On Tuesday, Putin urged the member-states of the SCO to step up the efficiency and coordination in foreign policy – particularly with regards to Afghanistan where US-led Coalition forces are engaged in a bloody battle with the Taliban – between the organization’s law-enforcement bodies.

“The development of the situation in our region, specifically Afghanistan and the surrounding region,” Putin said at a meeting of SCO prime ministers, “demands the stepping up of coordinated actions between the foreign ministries and law-enforcement bodies.”

The Prime Minister then called for the creation of a mechanism within the SCO to deal with the problem of drug-trafficking out of Afghanistan.

Russia has long said it is the main victim of Afghanistan heroin, which is responsible for killing up to 30,000 Russians every year. Demands by Russia for the United States to employ an aerial fumigation program have so far yielded no results.

“It is necessary to step up the formation of an efficient anti-drug mechanism within the Organization,” of which the heads of the relevant agencies agreed in May this year, Putin said.

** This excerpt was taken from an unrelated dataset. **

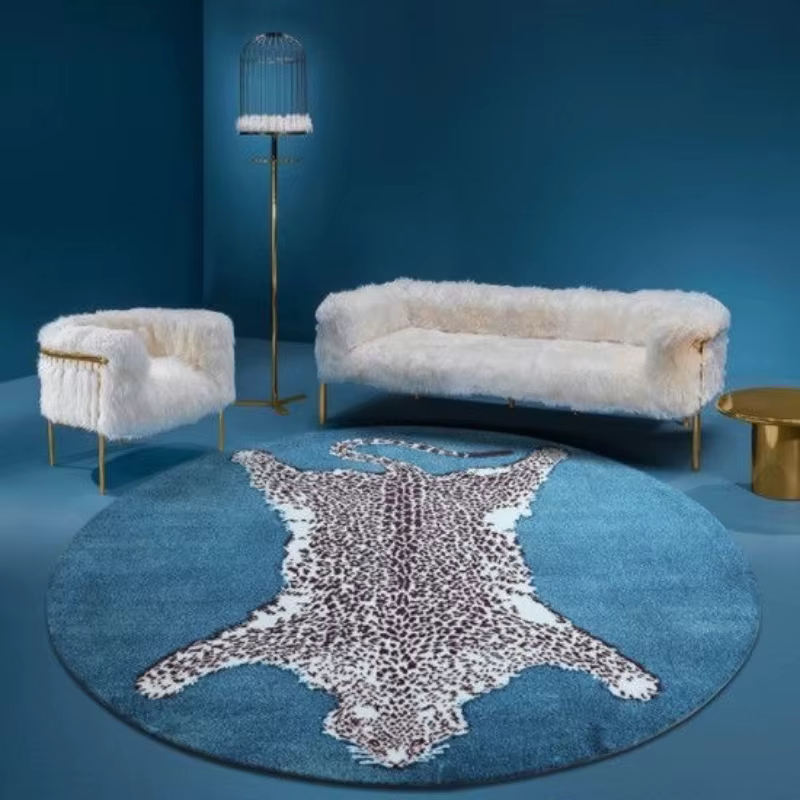 Tapis de salon rond motif léopard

“The foundations of international cooperation in combating drug trafficking were laid… by a number of countries, including Russia,” the Prime Minister said. “This form of work should remain in the focus of our attention.”

The Russian premier also called for “improving the efficiency of the SCO regional antiterrorist structure and starting preemptive measures against the laundering of criminal proceeds.”

Given these non-threatening, benevolent initiatives being set forth by the members of the SCO in Beijing, it seems that the West has nothing to fear from an atmosphere of enhanced relations between China and Russia, as well as the member states of the SCO.

However, the West, and especially the United States, must take some credit for pushing China and Russia into each others' arms, thus becoming hardened allies of circumstance.